Not to denigrate agencies, or creatives, or the vast amount of strategy, research, iterations, testing and refinements that go into creating advertising campaigns, but that model is now radically changing, making the question of where creative comes from a legitimate one.

Sure, advertising agencies own advertising. However in an increasingly mobile world where user-generated content, social media and earned media are burgeoning, advertising is a somewhat diminishing channel and not at all the core creative idea it once was.  In digital (and soon, in traditional media as well), paid, earned and owned media are converging and commingling. Advertising is no longer a stand-alone. It works much, much more effectively in conjunction with broader strategic marketing initiatives that place as much (if not more) emphasis on owned and earned channels.
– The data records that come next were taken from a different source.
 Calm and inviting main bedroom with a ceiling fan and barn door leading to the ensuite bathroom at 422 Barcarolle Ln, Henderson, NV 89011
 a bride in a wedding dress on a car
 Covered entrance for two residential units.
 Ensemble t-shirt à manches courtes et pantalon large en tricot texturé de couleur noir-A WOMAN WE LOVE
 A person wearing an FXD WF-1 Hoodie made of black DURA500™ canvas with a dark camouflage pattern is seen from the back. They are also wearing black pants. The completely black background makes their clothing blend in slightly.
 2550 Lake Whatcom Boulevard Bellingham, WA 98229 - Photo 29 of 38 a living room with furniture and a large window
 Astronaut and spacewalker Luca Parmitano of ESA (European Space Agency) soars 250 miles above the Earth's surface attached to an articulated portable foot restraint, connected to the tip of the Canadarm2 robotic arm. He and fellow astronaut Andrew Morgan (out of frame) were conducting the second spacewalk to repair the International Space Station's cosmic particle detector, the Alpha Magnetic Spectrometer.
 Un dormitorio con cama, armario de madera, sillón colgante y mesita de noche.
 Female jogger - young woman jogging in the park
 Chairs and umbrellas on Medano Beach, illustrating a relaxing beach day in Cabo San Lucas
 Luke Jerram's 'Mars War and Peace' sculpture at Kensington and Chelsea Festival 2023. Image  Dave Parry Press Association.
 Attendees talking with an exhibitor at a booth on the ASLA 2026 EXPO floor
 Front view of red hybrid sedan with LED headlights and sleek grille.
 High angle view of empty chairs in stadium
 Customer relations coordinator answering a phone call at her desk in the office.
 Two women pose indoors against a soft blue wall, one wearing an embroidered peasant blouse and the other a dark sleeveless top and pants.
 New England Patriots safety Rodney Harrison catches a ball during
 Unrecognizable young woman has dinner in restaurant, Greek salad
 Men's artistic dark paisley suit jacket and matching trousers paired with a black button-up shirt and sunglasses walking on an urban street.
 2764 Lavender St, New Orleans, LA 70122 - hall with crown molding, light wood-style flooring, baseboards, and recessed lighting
This raises a chicken-and-egg dilemma for marketers: who’s driving? If paid, earned and owned media all inform a campaign or marketing initiative, and learnings from one channel can be applied to the other for optimization and improvement, which channel leads, and which follow? It the channel that’s doing the driving isn’t advertising, it’s doubtful the creative core of a campaign comes from…creatives.

Together with my colleagues Jeremiah Owyang and Jessica Groopman, I’ve been working on research that looks at how paid, earned and owned media are converging. A growing trend is unquestionably that the creative germ originates in owned and earned media before it becomes paid (i.e. advertising).

Take Facebook ads that ‘pin’ a brand’s wall post in a display ad unit. Or Bazaarvoice’s new ads that retarget shoppers with ad units that feature a geo- and demographically targeted user review of the product they were just viewing.

Brands can even turn lemons into lemonade by taking negative consumer reviews and, by adding a twist of clever content marketing, turn them into positives, as did one local eatery and Austin’s Alamo Drafthouse Cinema.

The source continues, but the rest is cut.